China’s automotive sector grew at a compound average rate of 24 percent a year between 2005 and 2011 and, in 2010, overtook the United States as the largest single-country, new-car market. We forecast that the growth of China’s auto market will slow to an average of 8 percent a year between 2011 and 2020 – still very fast by developed-world standards. Sales are forecast to reach 22 million in 2020, bigger than either the European or North American markets.

As the years pass and the market matures, Chinese consumers are growing more sophisticated about cars and their tastes are evolving. Many have already purchased a first, entry-level car and will be ready to upgrade to newer and better models. To succeed in this more demanding environment, automakers must better understand what their customers want, and how their expectations differ from region to region and from auto-body-type segment to segment. In this way, the Chinese car market is becoming more like that of North American, Europe, and Japan and perhaps even more complex, given the many regional and segment differences. To address the need for deeper insights, McKinsey has developed detailed demand forecasts through 2020 of Chinese auto customers by region and segment. In the analysis, we identified fundamental drivers for demand growth such as increasing urbanization, rising household income, low car penetration rates, and infrastructure improvements.
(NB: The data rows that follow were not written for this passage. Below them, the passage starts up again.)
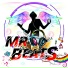 MR BEATS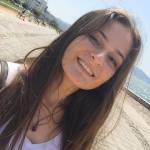 Hatice Çat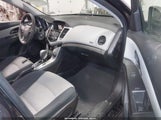 Chevrolet Cruze Limited Ls Auto 1G1PC5SG4G7203237 photo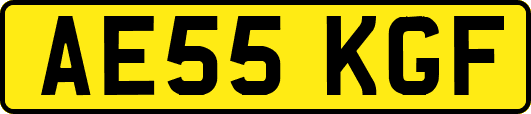 AE55KGF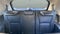 2025 Toyota Grand Highlander Platinum
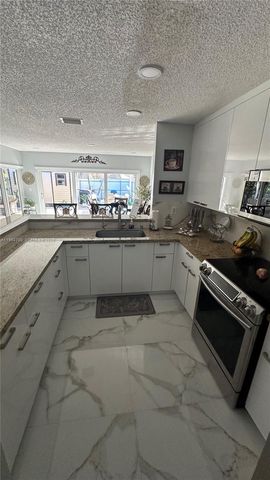 12960 SW 248th Ter, Homestead, FL 33032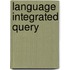 Language Integrated Query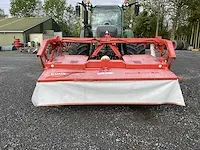 Kuhn gmd 802 f-ff frontmaaier - afbeelding 9 van  16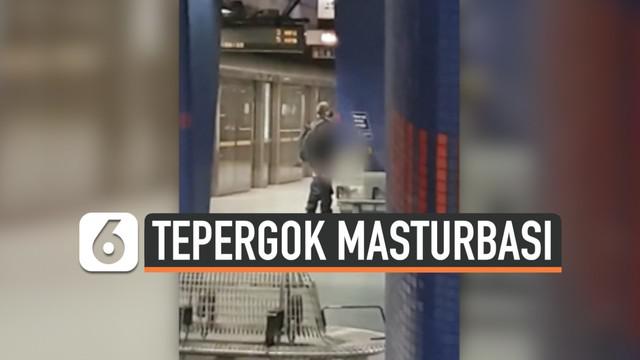 berita stasiun kereta bawah tanah hari ini kabar terbaru terkini liputan6 com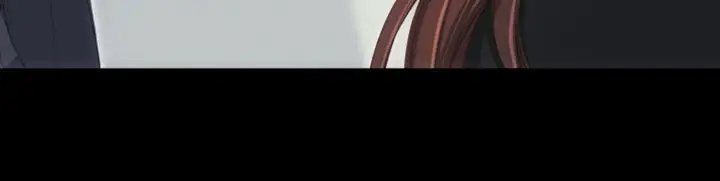 image-komik-an-adults-experiences-chapter-25-14/31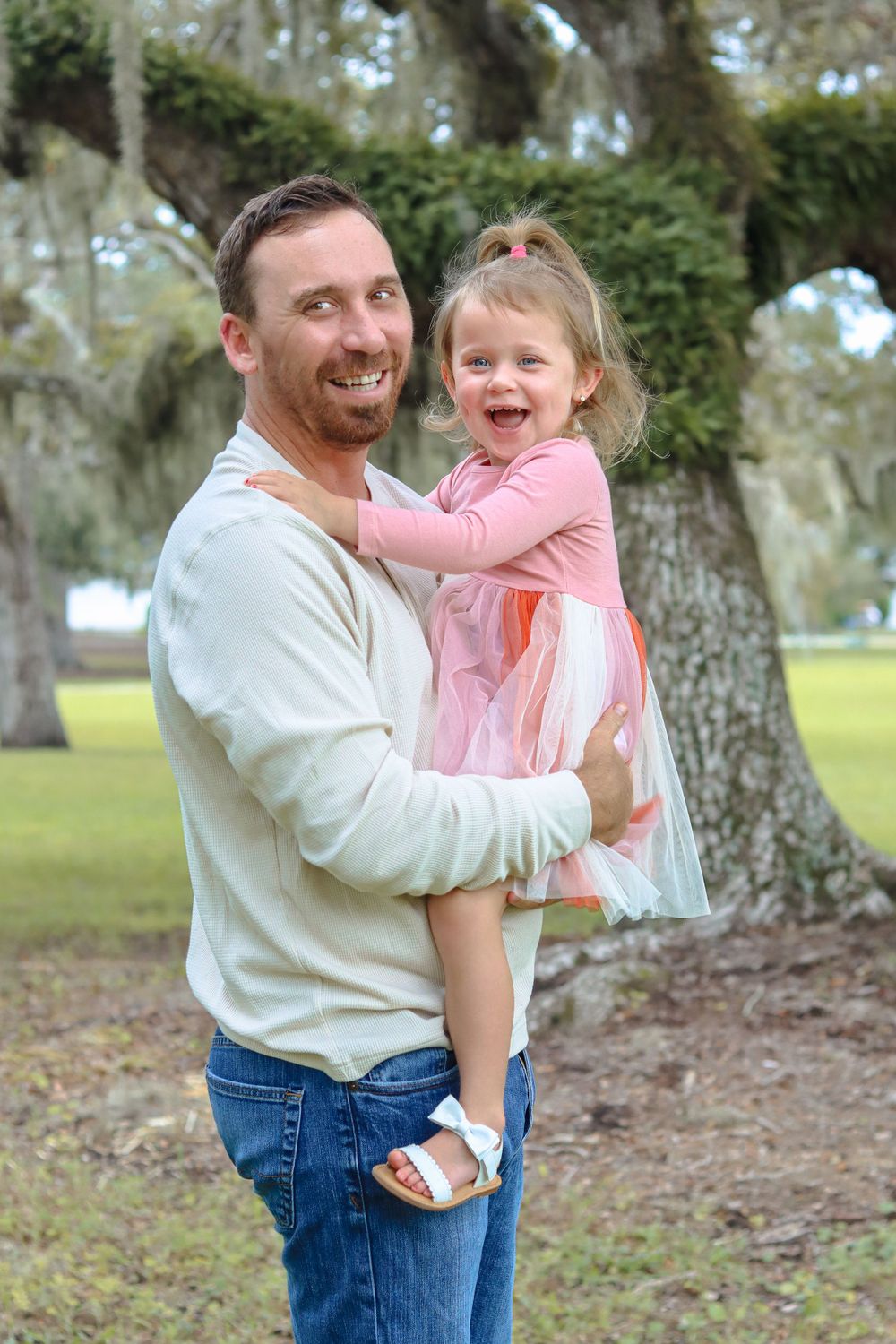 Family, Couples, Engagement, Maternity, Mini session, holiday, fathers, Sebastian, Lifestyle, warm, candid, Vero beach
The following trends will shape the Chinese auto market in the next 10 years, according to our analysis:

Going bigger: Sales of sport utility vehicles (SUVs) will triple, although sedans will remain the largest segment

Trading up: There will be more second-time buyers, and they will buy more high-priced cars

High volatility: The volatile growth rates for new cars observed over the last two decades are likely to continue

Regional differences: Consumer behavior by region and car-model preference will vary greatly

Our findings, detailed in this report, have significant implications for automakers. For example, they will have to place their bets on specific market segments and decide in which city clusters they should focus their efforts to take advantage of the “going bigger” and “trading up” trends. They will also have to be agile and flexible to react to the market volatility.